Why is this ? It goes back to my first point. I believe there is a structural role for the kind of research done in labs, and more importantly there are many researchers who genuinely prefer that environment, because of the potential for direct impact, the access to real (not "real") data, and the lack of other distractions that take away from research.

So I'd be willing to take Michael on with his wager, although given that labs evolve and change, we'd have some serious work to do to nail down an actionable bet :). Maybe we need intrade.com for this.

Anonymous said...

nice post (one of several here) - i dont know about research labs but i will say the complexity blog is headed towards its demise for sure.

Anonymous said...

Demise is too strong a
word. CYCLICAL- research
labs will come and go
as companies learn that
basic research pays off,
then in hard times forget
this, and then re-learn
it again.

As for Sam Jacksons's
comment on Complexity Blogs
demising, that depends
on what you mean by demising. If an entry
is written and there are
no comments, did it make
a sound?

bill gasarch

Michael Mitzenmacher said...

Suresh --

I don't think we're far apart at all. In my post, I suggested that current labs were likely to disappear, or go through some sort of major disruptive change, over the next 20 years. You point out in your comment how this has happened -- AT&T, Bell Labs, IBM, and Digital/Compaq Labs have all either disappeared or have gone through massive disruptions (leading to layoffs or large-scale exoduses) in the past decade.
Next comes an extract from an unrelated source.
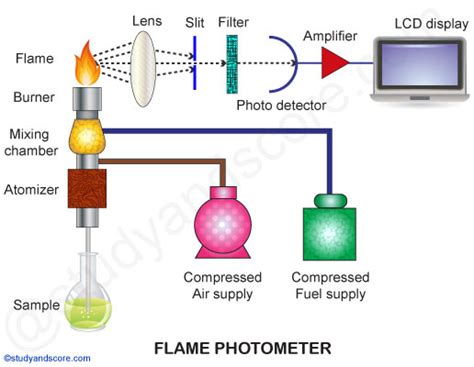 Digital Flame Photometer commercial|Flame Photometer: Principle, Working Procedure and.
Sure, new labs (with arguably different priorities) have taken their place. I didn't suggest that corporate-sponsored research would disappear -- I'm sure other research labs will arise to take the place of current labs -- but this process is still very disruptive for individuals working in such labs.

I think Bill nailed it. Research labs are often cyclical, as companies learn that basic research pays off, then in hard times forget
this, and then re-learn it again. Sometimes in that cycle labs even disappear. That's unpleasant. I guess I'm asking if that has to be the nature of the beast?

Anonymous said...

Did IBM really go through "massive disruptions (leading to layoffs or large-scale exoduses) in the past decade" ? I am asking seriously, I just dont recall this happening. Or perhaps this is just a question of what a "large-scale exodus" is.

Cheers,
Piotr

Michael Mitzenmacher said...

Piotr --

I certainly remember a lot of talk about IBM's commitment to basic research flagging the last time there was an IBM bust. And maybe it's just natural attrition, or the lure of other opportunities, but I think the majority of people who were at IBM Almaden when I was a grad student have all moved on.

Anonymous said...

Michael,

The almaden example you gave is very different. People indeed left but I suspect this is mostly due to aggressive hiring by Google and Yahoo (sometimes for a more money/less research deal).

Having said that, I think IBM had a hard time in the early 90's, but I am not sure whether it lead to an "exodus".

Alvin Anony said...


I didn't suggest that corporate-sponsored research would disappear -- I'm sure other research labs will arise to take the place of current labs -- but this process is still very disruptive for individuals working in such labs.

Yes, it's disruptive, but is disruption necessarily a bad thing? I've changed from an academic position to a government lab to industrial labs (and then another industrial research lab). Each time I changed I lost some things along the way but gained others. Sometimes disruption can be a healthy thing because it can cause you think about what problems will have bigger impact.

The sad part is when people are caught unaware and unprepared for a tidal shift in employment conditions. This sometimes happens from economic conditions, but also from political conditions.